The response should contain all of the data below, reproduced exactly, and no pictures.
-------- RECORD EXCERPTS
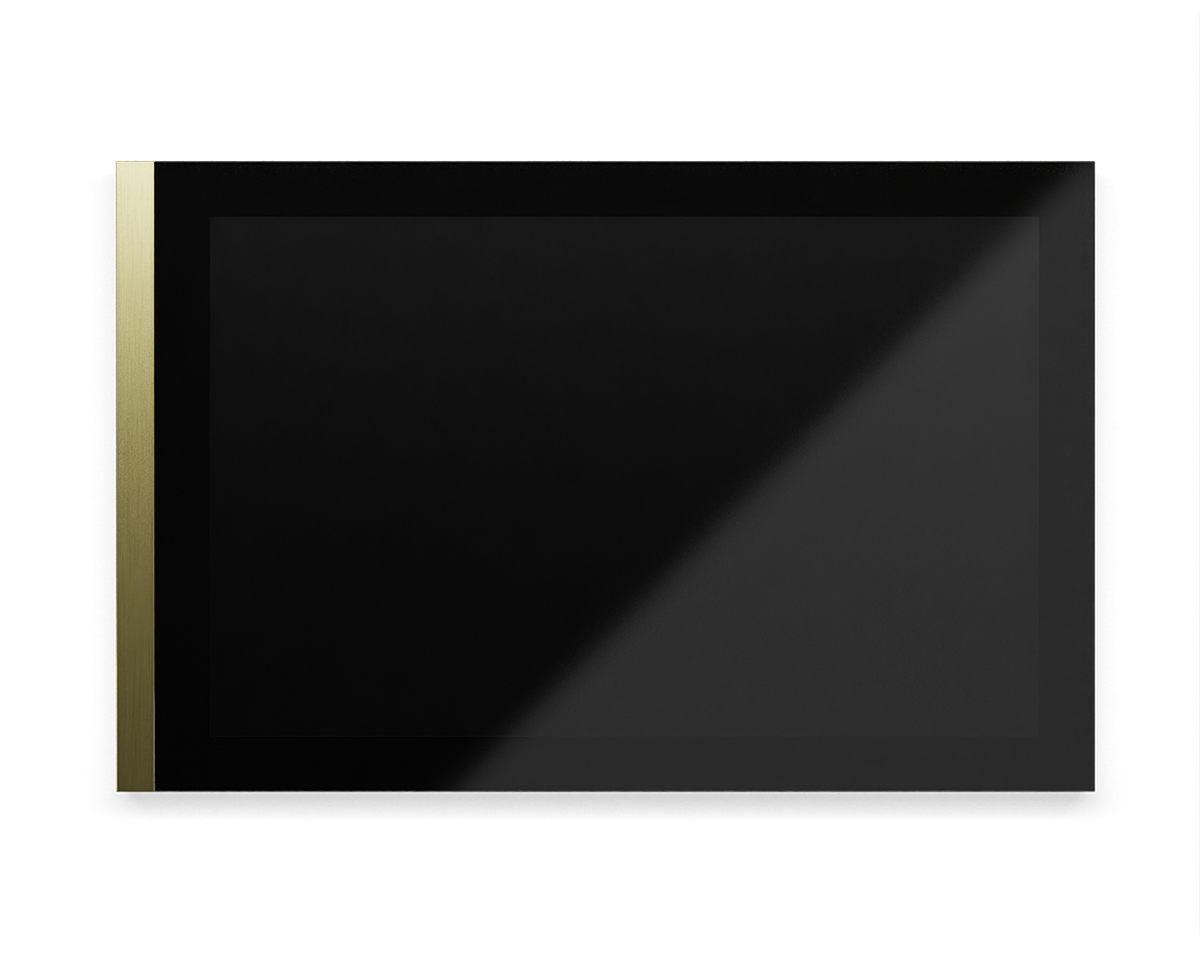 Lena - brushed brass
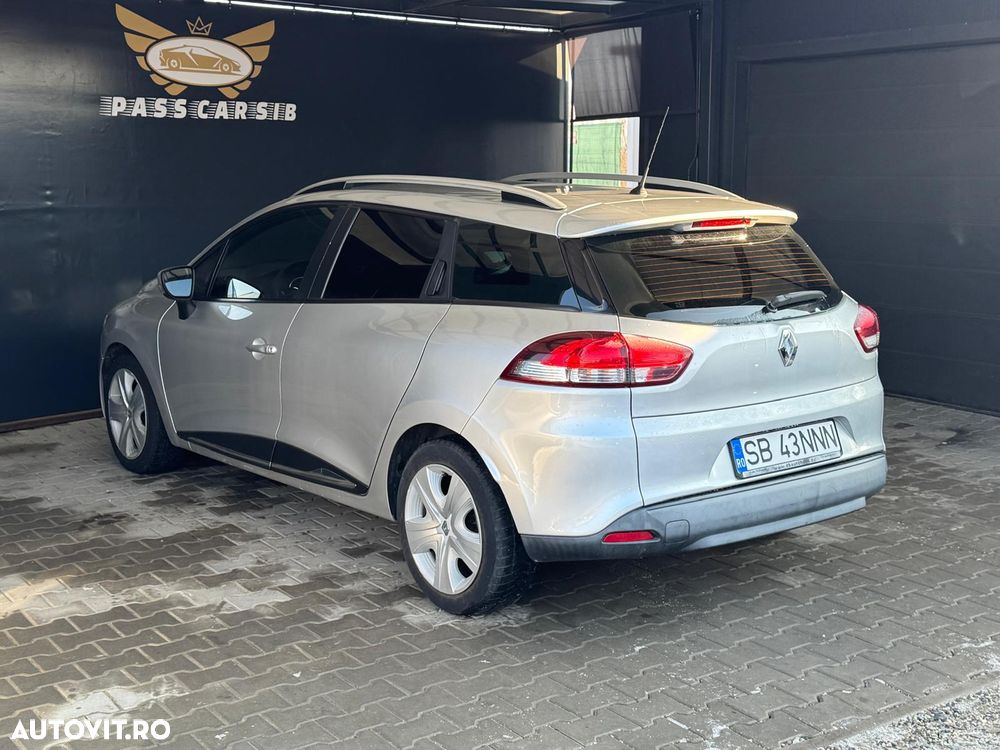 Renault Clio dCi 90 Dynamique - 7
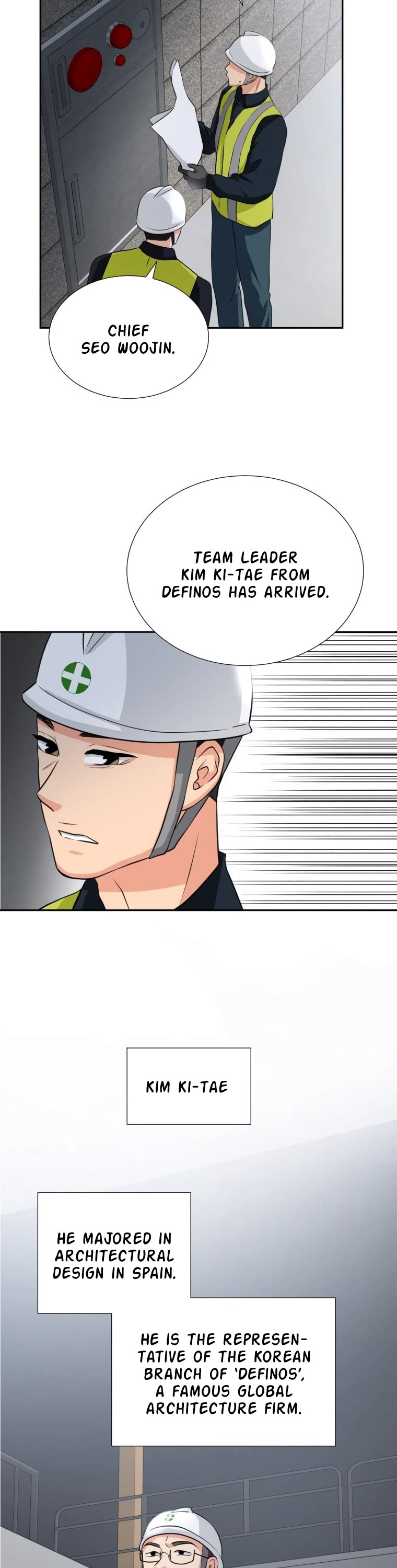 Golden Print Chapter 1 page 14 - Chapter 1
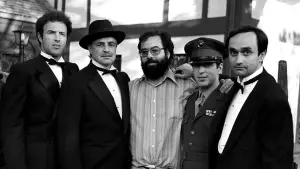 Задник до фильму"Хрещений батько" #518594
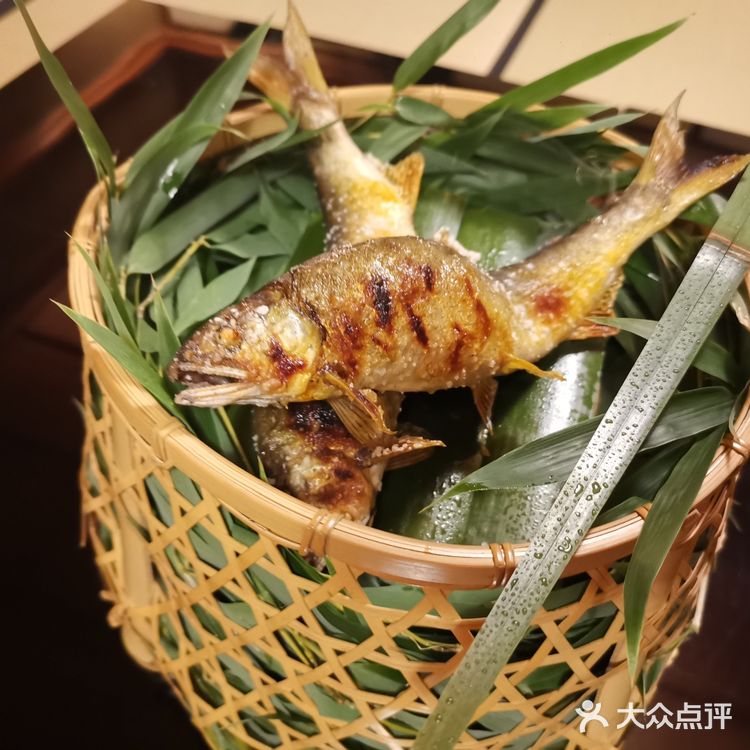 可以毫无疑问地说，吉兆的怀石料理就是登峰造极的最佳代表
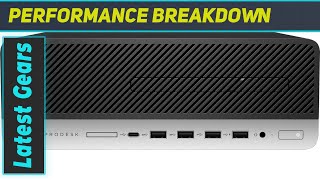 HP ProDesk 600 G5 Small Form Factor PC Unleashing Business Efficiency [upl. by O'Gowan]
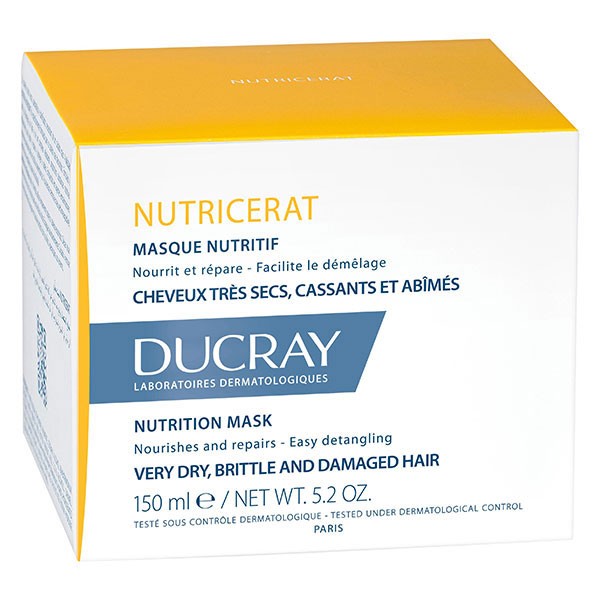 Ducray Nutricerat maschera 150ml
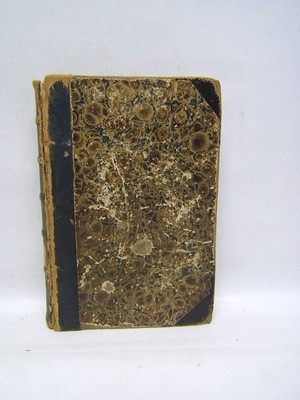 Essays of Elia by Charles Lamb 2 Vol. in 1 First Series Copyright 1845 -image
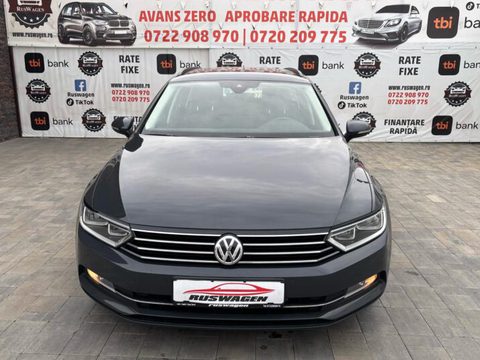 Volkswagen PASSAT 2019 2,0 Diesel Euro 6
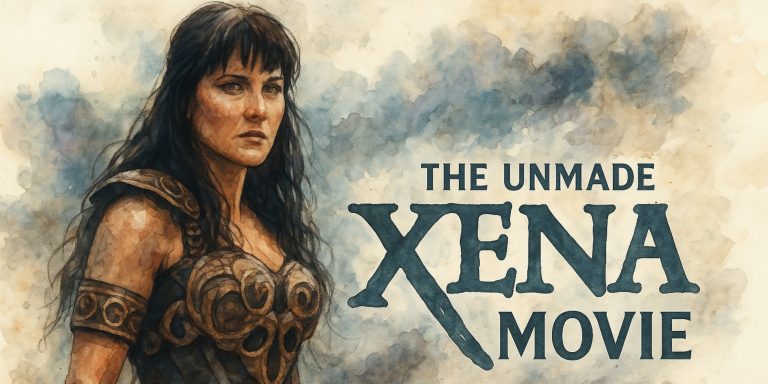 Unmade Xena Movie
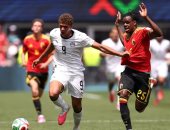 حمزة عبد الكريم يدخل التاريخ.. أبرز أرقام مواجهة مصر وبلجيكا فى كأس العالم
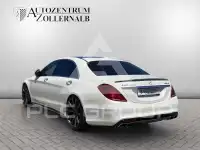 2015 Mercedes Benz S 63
----------------
WORKED SOLUTION
 Lena - brushed brass
 Renault Clio dCi 90 Dynamique - 7
 Golden Print Chapter 1 page 14 - Chapter 1
 Задник до фильму"Хрещений батько" #518594
 可以毫无疑问地说，吉兆的怀石料理就是登峰造极的最佳代表
 HP ProDesk 600 G5 Small Form Factor PC Unleashing Business Efficiency [upl. by O'Gowan]
 Ducray Nutricerat maschera 150ml
 Essays of Elia by Charles Lamb 2 Vol. in 1 First Series Copyright 1845 -image
 Volkswagen PASSAT 2019 2,0 Diesel Euro 6
 Unmade Xena Movie
 حمزة عبد الكريم يدخل التاريخ.. أبرز أرقام مواجهة مصر وبلجيكا فى كأس العالم
 2015 Mercedes Benz S 63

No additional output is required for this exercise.